En outre, l’autorité de contrôle a considéré que ses informations étaient imprécises puisqu’il n’existe aucune distinction entre les informations produites par la personne et les données générées par son activité. Par conséquent, les exigences de clarté et de compréhension font défaut.

Un consentement non valablement recueilli

L’article 6 du RGPD prévoit que, pour que le traitement soit licite, il faut un consentement éclairé et non-équivoque de la personne concernée. La CNIL a constaté que les informations étaient disséminées dans plusieurs documents.

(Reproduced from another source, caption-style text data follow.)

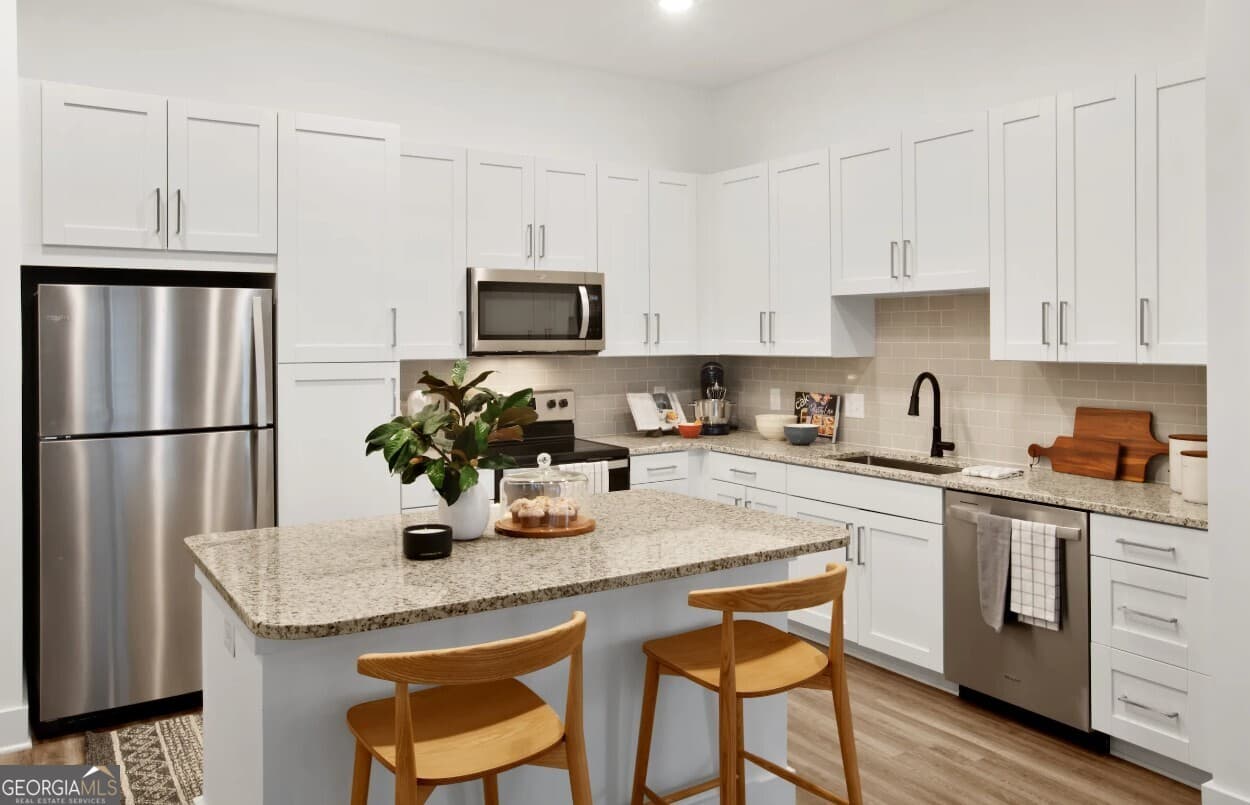 2 bedroom, 2 bathroom, 1,059 sq ft apartment for rent at 4270 Phil Niekro 3104, Norcross, GA 30093 for $1,909 a month — photo 1 of 45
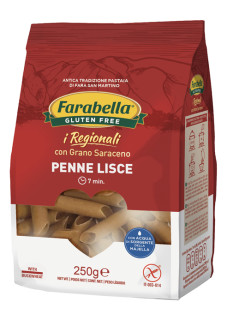 FARABELLA PENNE LISCE GRANO SA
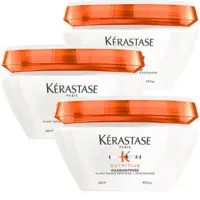 Trio Masquintense Nutritive Kérastase 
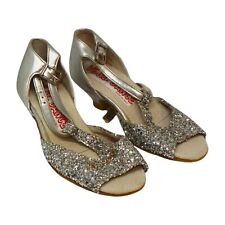 Scarpe Ballo Donna Nere Latino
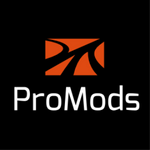 ProMods Middle East 2.72 Download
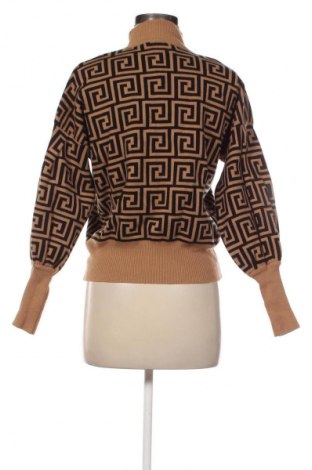 Damski sweter Qed London, Rozmiar XL, Kolor Kolorowy, Cena 94,00 zł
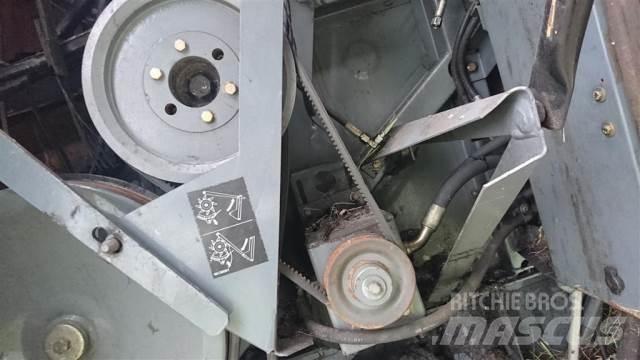 Fendt 6300 Kombájn tartozékok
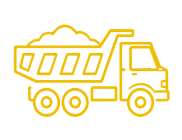 Debris and Material Removal icon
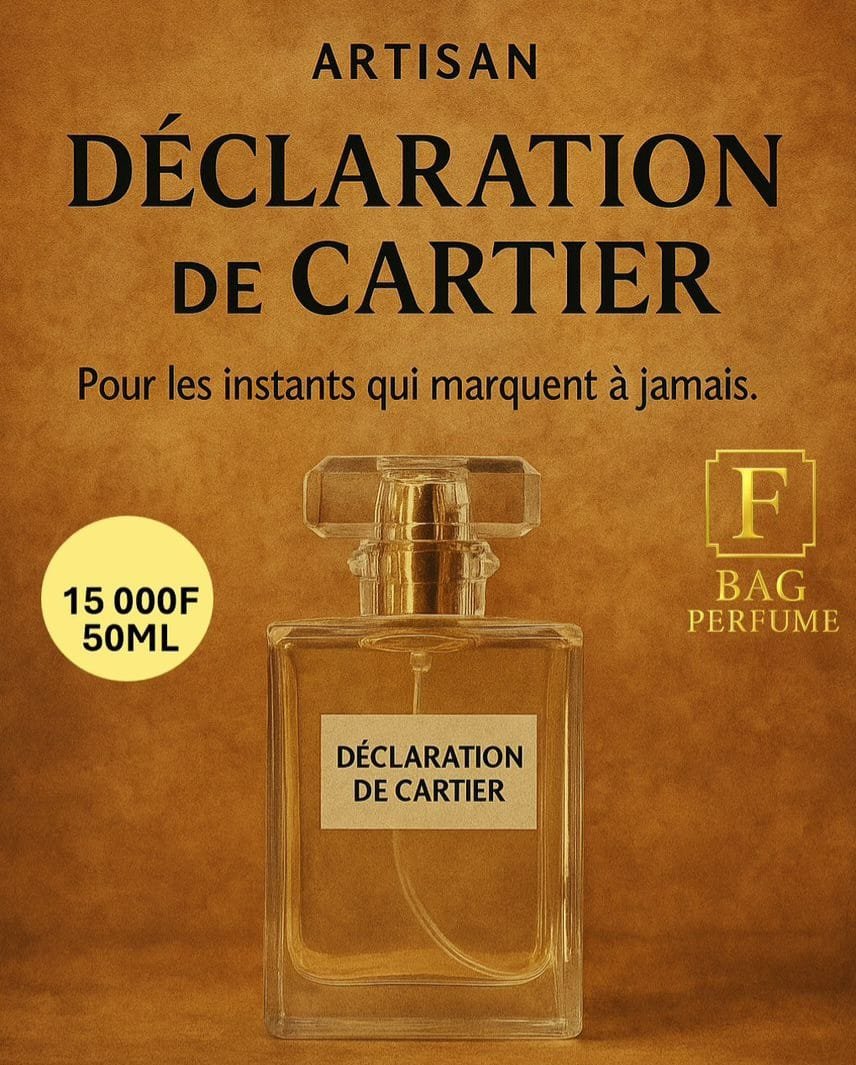 Déclaration De Cartier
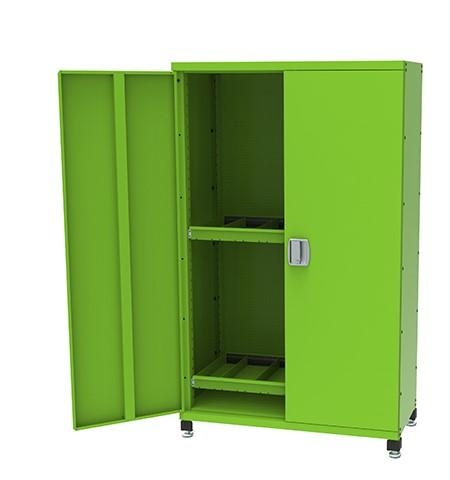 UR-2SCD(슬라이드 선반)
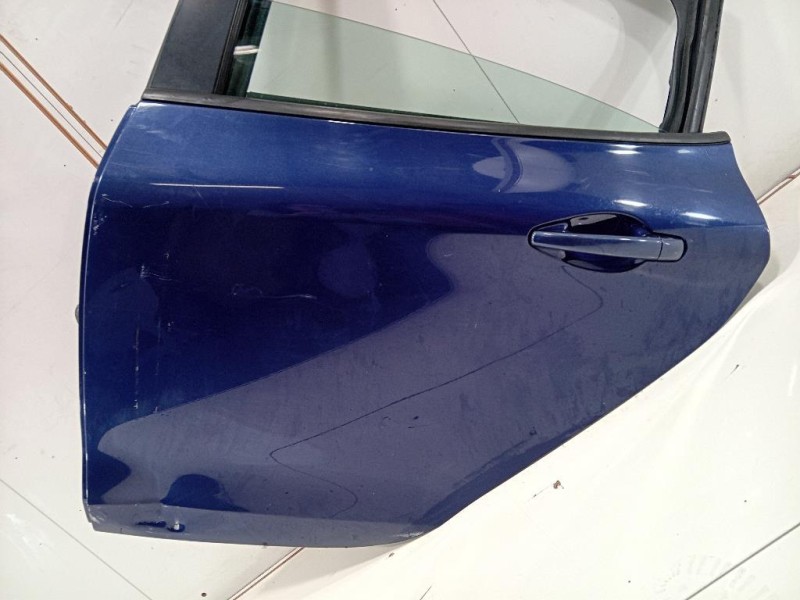 Porta POST SX 9671907580 Peugeot 208 I 2015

L’utilisateur doit ainsi effectuer plusieurs actions afin de pouvoir y parvenir. En effet, plusieurs pages internet doivent être ouvertes afin que l’information de la personne soit complète. Les outils fournis par Google ne suffisent pas à avoir une information claire et éclairée.

L’exigence posée par la CNIL est que la personne doit comprendre rapidement qui collecte les données personnelles, pourquoi ses données sont traitées, et quelles sont les données qui sont collectées.

Par conséquent, elle a considéré que le consentement de la personne concernée n’était pas suffisamment éclairé puisque les informations sont difficilement trouvables et qu’elles sont présentes au sein d’un document massif. Par cette décision, la CNIL a condamné l’utilisation des cases pré-cochées. En effet, elle considère que ces dernières ne sauraient être considérées comme l’expression d’un consentement valable.

En outre, l’acceptation des clauses « en bloc » de l’ensemble des traitements des données personnelles contrevient au caractère spécifique du consentement.

Par conséquent, la CNIL a considéré que le consentement n’était pas valable. Sur la base de multiples manquements, la CNIL a condamné la société Google à une amende de 50 millions d’euros.

Quelles suites ?

Cette décision de la CNIL tombe mal pour Google. En effet, depuis plusieurs mois, le ministre de l’économie et des finances français, Bruno Le Maire, se bat pour l’instauration d’une nouvelle taxe GAFA touchant les géants du numérique.

Après un échec de la mise en place d’une réglementation européenne sur le sujet, la loi française a été votée, en première lecture, par l’assemblée nationale le 8 avril 2019.

Elle prévoit une taxe s’élevant à hauteur de 3 % du chiffre d’affaires de Google sur les revenus générés par l’activité de internautes français.

Outre le volet fiscal l’impactant, Google a déjà saisi le Conseil d’État pour contester la délibération de la CNIL. Pour l’heure, aucune décision du Conseil d’État n’a été rendue.

Néanmoins, ce qui est certain, c’est que cette décision sera cruciale pour les condamnations à venir, délimitant ainsi les contours du droit à la protection des données personnelles mis en place par le RGPD il y a un an.